The much-lauded unsanctioned contest between Johnny Gargano and Tommaso Ciampa at NXT TakeOver: New Orleans is something that I simply cannot get out of my head. Ever since that fateful special for the yellow brand concluded, I’ve been poring over why this blood feud has felt so special. NXT has pulled off long-term booking in the past, so while the slow build contributed towards the payoff, it wasn’t the sole reason why it was so spellbinding.
Johnny Gargano has been on a hot streak as of late. He’s scored two five-star match ratings from Dave Meltzer since January, ending an almost seven-year drought of perfect scores for the WWE. Ciampa, meanwhile, put on a career-defining performance in his first match in almost a year. To come back from a torn ACL and be part of a wrestling clinic with your best friend must be an elating feeling for the man.
It’s all good and well having such a captivating story, but it’s the execution that matters. Components such as Ciampa’s injury and subsequent heel turn, as well as Gargano’s quest for validation in the eyes of the fans would be rendered moot if the match didn’t work. That’s where the fans came in.
Whether we want to admit it or not, crowd reaction can make or break a match. Go back and watch Rock vs. Hogan at WrestleMania 18 on mute and tell me that it’s an all-time great bout. The relationship between the wrestlers and the crowd shaped that match. Hogan has even said that he and Rock switched the heel and face roles not long into it to cater towards the unexpected groundswell of support for Hulk.
WWE know about the importance of a crowd, the opening of Gargano vs. Ciampa proves this. Tommaso was the first to come out and did so with no music. This kept in line with the established NXT continuity of him entering the ring to cut a promo, only to let the crowd do the talking for him. With very few words, he managed to get over as one of the most hated villains in the entire wrestling industry. Through taking advantage of the symbiotic relationship between performer and spectator, very little needed to be done to sell people on despising the bad guy.

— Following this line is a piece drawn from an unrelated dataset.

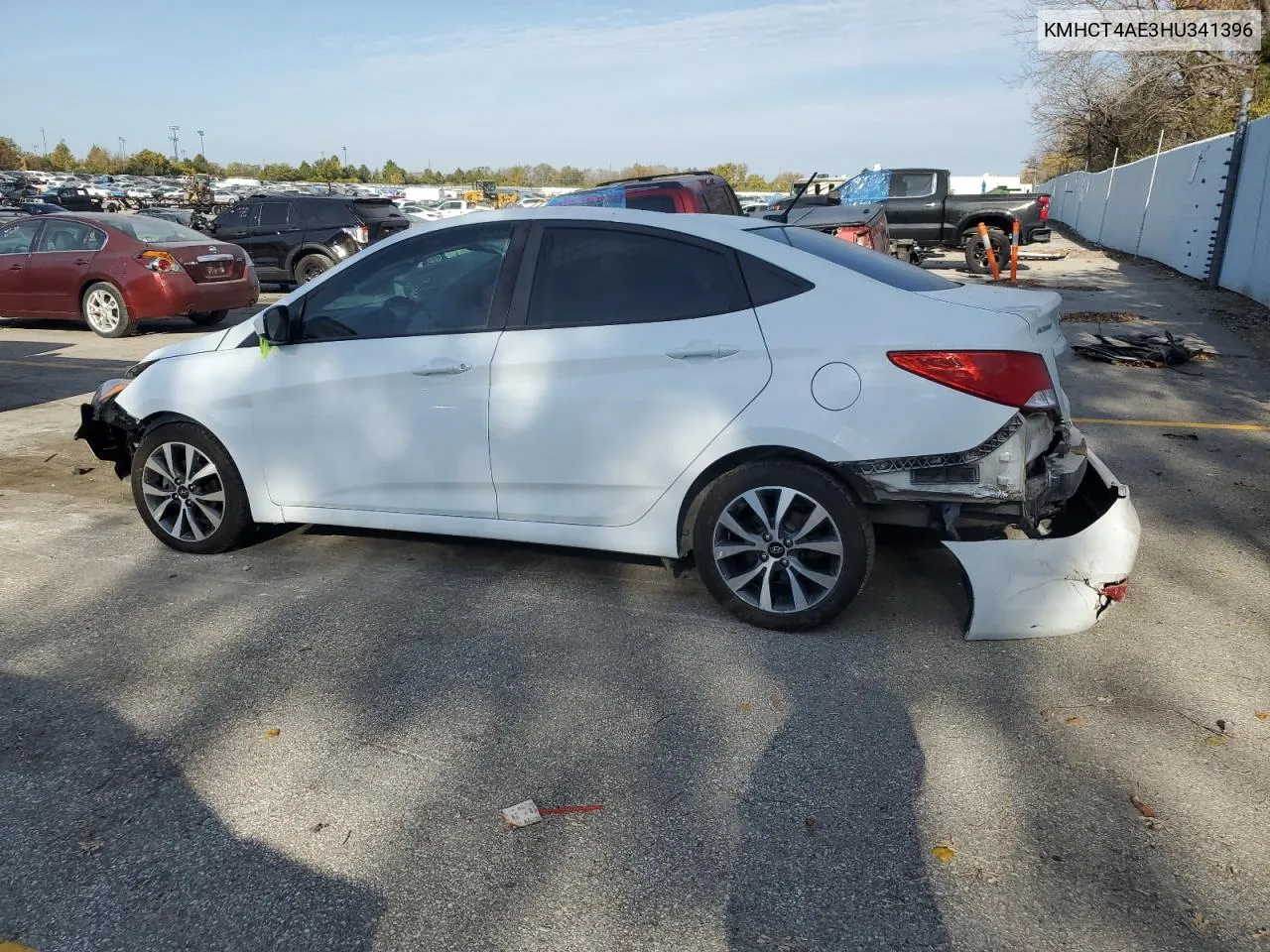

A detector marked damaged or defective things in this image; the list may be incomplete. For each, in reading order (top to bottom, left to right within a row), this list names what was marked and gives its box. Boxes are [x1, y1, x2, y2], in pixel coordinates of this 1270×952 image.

crumpled hood [143, 332, 232, 368]
broken bumper cover [945, 454, 1143, 642]
damaged rear bumper [945, 454, 1143, 642]
damaged front fender [945, 454, 1143, 642]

That’s why Ciampa’s entrance was so clever. It’s not that he didn’t come out to theme music, the crowd booing him was his theme music. When you can elicit that kind of reaction without making a sound, why bother? Ciampa could have entered to a new heel tune by CFO$, they had nearly a year to come up with something. If you don’t have to do something heading into a match, not doing it is the best course of action.
So, we have our villain of the piece, but he’s nothing without a beloved hero. Johnny Gargano needs little work in that department. His compelling journey from being broken down by betrayal to coming within touching distance of championship glory is a classic tale to tell. Everything about Johnny draws you to him. He’s a handsome guy with a cute, almost dorky charm to him. He has an eye-catching moveset that pops the crowd and, almost diametrically opposed to his mortal enemy, he has a theme song that is catchy and upbeat.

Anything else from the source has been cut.